The title alone should be enough caution, but I'm going to warn you anyway: do not go into Dark Places expecting a sunny and life-affirming film. The Charlize Theron thriller, out August 7, is gritty, nasty, and, well, dark. Theron plays Libby Day, a woman who has all but receded from life since her older brother went to prison for violently murdering the rest of her family. X-Men franchise star Nicholas Hoult plays Lyle Wirth, a member of a morbid, crime-obsessed "Kill Club," who contacts Libby about a money-making opportunity. They think that her brother is innocent, and they'll pay her to unlock doors and re-open personal wounds to help them prove it. Like I said, it's creepy — but is it real? Is Dark Places based on a true story?

Fortunately for humanity, no. Dark Places is not based, at least closely, on any true events. But if its brand of snarling social commentary and horrifically cold characters seem familiar, that's because some of the same ruled movie theaters last summer in Gone Girl. Dark Places is adapted from a novel by Gillian Flynn, the same wonderfully twisted mind that conceived the book the David Fincher movie was based on. Dark Places is Flynn's second novel — Gone Girl was actually published three years later, though the adaptation made it to screens much more quickly. If you haven't read Gone Girl yet, what are you waiting for? It's only a watershed moment in crime fiction and the reinvention of the femme fatale.

Libby Day is not another Amazing Amy, though, although she's a fascinating character in her own right. Flynn writes women who are free from the strictures of having to be "likable." They're complex protagonists, unreliable narrators, and deep wells of guarded emotions and unsettling plans. Charlize Theron wasn't always attached to bring Libby Day to life, however. The Huffington Post spoke with Flynn back in 2012, when Amy Adams was attached to star (an intriguing casting idea — it would have been fun to see someone who usually plays the nice girl access that coldness). At the time, Flynn praised her book's adapter, director and screenwriter Gilles Paquet-Brenner.
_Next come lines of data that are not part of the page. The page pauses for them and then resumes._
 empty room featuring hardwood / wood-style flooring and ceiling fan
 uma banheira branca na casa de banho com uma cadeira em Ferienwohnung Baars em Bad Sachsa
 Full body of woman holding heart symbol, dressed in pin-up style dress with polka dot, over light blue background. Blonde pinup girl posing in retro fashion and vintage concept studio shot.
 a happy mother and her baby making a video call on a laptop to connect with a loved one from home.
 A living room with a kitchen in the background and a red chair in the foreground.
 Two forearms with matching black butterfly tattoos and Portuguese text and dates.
"I sold it to him and his production company because he was so passionate about it and I just knew he would take good care of it," she told the site. "He has been very involved and has shown it to me in different stages and has gotten my feedback — and he is very, very faithful to the book. And I don’t know how he was able to condense that book into a screenplay, but he did it."
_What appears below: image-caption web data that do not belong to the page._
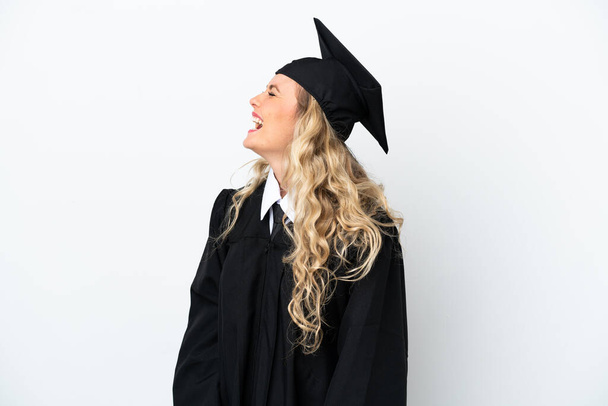 Young university graduate woman isolated on white background laughing in lateral position - Fotoğraf, Görsel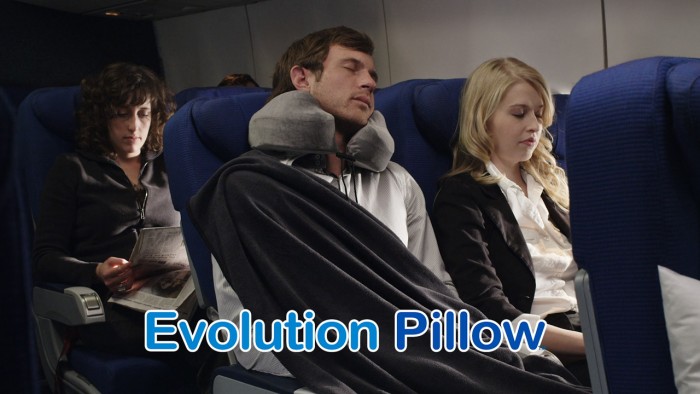 man using travel pillow in product infomercial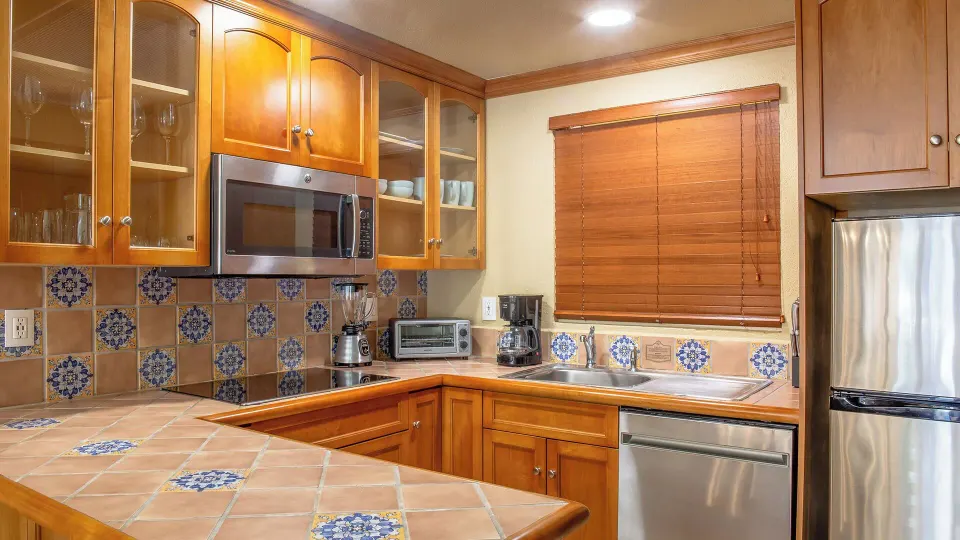 One Bedroom Suite Garden View kitchen with tile counters at Villa del Arco Beach Resort & Spa Cabo San Lucas.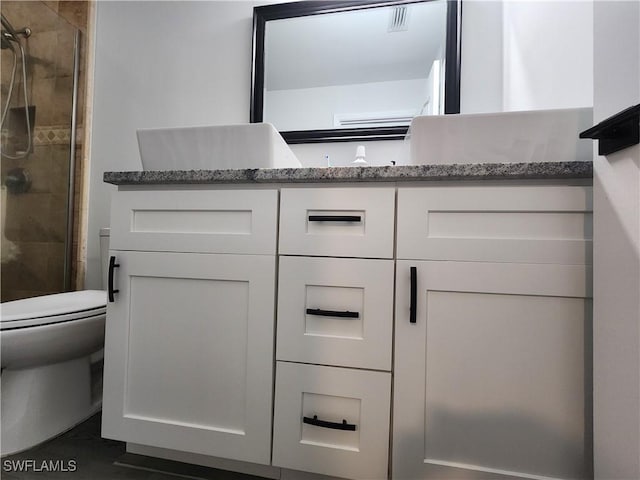 bathroom featuring vanity, toilet, and walk in shower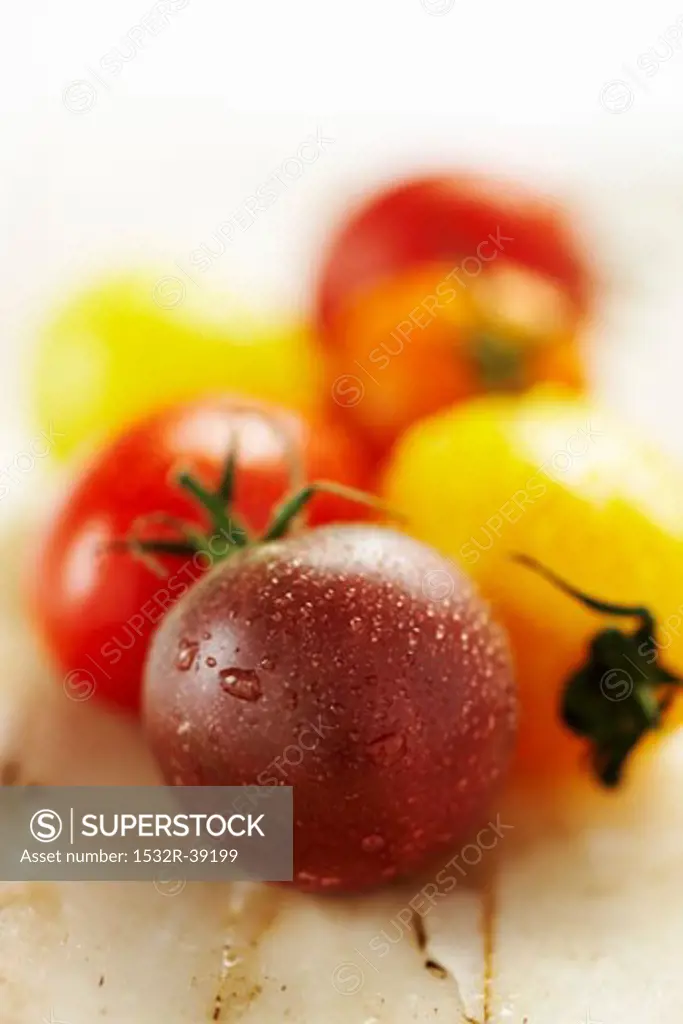 Tomatoes of various colours with drops of water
So it seems that all the twists and turns of Dark Places will stay intact in the movie. But what about "the meanness inside" Libby Day? In this interview with JoBlo, Gillian Flynn praises Theron for her lack of concern for being "the usual heroine" and instead "embracing Libby in every angle that she is." Watch the clip for more from these two women, including a Funny Or Die pitch based on an early, peppy version of Libby.

Thought that bloody Gone Girl scene was surprising? Just imagine a Gillian Flynn movie that's upbeat. Crazy, right?